Konflik Rusia vs Ukraina
Mengenal Resimen Azov, Kelompok Ekstremis Jadi Benteng Pertahanan Ukraina yang Diperangi Rusia
Berkat keberanian dan ketangguhan dari resimen Azov dalam membantu pasukan pembela Ukraina membuat pasukan ini ditakuti oleh masyarakat dunia.
Selain Azov, Kolomoisky mendanai batalyon sukarelawan lainnya seperti unit Dnipro 1 dan Dnipro 2, Aidar, serta Donbass.
Resimen Azov menerima dana awal dan bantuan dari oligarki lain seperti Serhiy Taruta, gubernur miliarder wilayah Donetsk.
Dugaan ideologi neo-Nazi pada resimen Azov
Pada 2015, Andriy Diachenko, juru bicara resimen Azov saat itu mengatakan bahwa 10 hingga 20 persen rekrutan Azov diduga adalah Nazi.
Unit tersebut telah menyangkal bahwa mereka menganut ideologi Nazi secara keseluruhan, tetapi simbol Nazi seperti swastika dan SS regalia tersebar luas di seragam dan tubuh anggota resimen Azov.
Misalnya, seragam itu membawa simbol Wolfsangel neo-Nazi, yang menyerupai swastika hitam dengan latar belakang kuning.
Namun, resimen Azov mengatakan bahwa itu hanyalah campuran dari huruf "N" dan "I" yang mewakili "gagasan nasional".

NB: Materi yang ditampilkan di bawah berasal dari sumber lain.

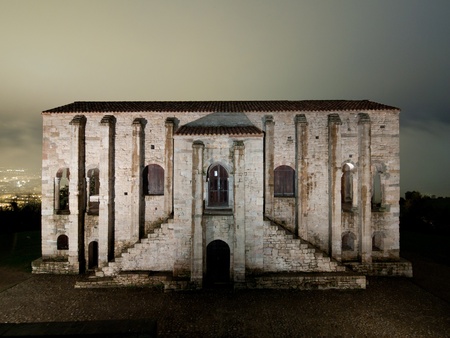 The church of St Mary at Mount Naranco is a Roman Catholic Asturian pre-Romanesque Asturian architecture church on the slope of Mount Naranco の写真素材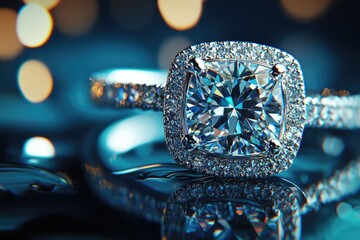 Fototapeta premium A close-up shot of a diamond ring. This image is perfect for showcasing the beauty and elegance of diamonds.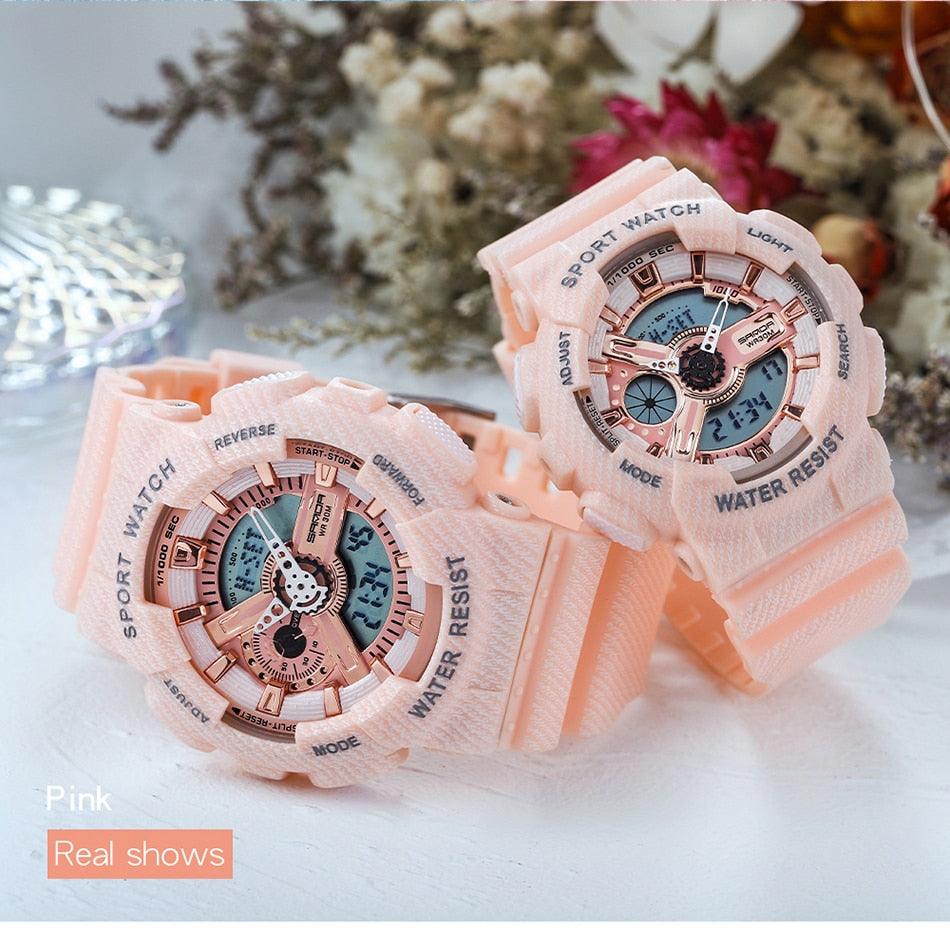 Couple Watch Fashion Strap Practical Waterproof Multifunctional Digital Wristwatch Dual Display Men&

Anggota individu telah mengaku sebagai neo-Nazi, dan ultra-nasionalisme sayap kanan garis keras menyebar di antara anggotanya.
Pada Januari 2018, Azov meluncurkan unit patroli jalanan yang disebut National Druzhyna untuk "memulihkan" ketertiban di Ibu Kota, Kiev.

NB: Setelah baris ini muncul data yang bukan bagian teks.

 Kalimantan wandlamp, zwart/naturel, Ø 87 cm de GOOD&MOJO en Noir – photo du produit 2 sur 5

Resimen Azov melakukan Pogrom, yaitu pembantaian terorganisir terhadap komunitas Roma dan menyerang anggota komunitas LGBTQ.
"Ukraina adalah satu-satunya negara di dunia yang memiliki formasi neo-Nazi dalam angkatan bersenjatanya," tulis seorang koresponden untuk majalah yang berbasis di AS, Nation, pada 2019.
Pelanggaran HAM dan kejahatan perang
Sebuah laporan pada 2016 oleh Kantor Komisaris Tinggi Hak Asasi Manusia PBB (OCHA) menuduh resimen Azov melanggar hukum humaniter internasional.
Laporan tersebut merinci insiden selama periode dari November 2015-Februari 2016, di mana Azov telah menempatkan senjata dan pasukan mereka di bangunan bekas sipil, dan penduduk yang mengungsi setelah menjarah properti sipil.
Laporan itu juga menuduh batalyon tersebut memperkosa dan menyiksa para tahanan di wilayah Donbass.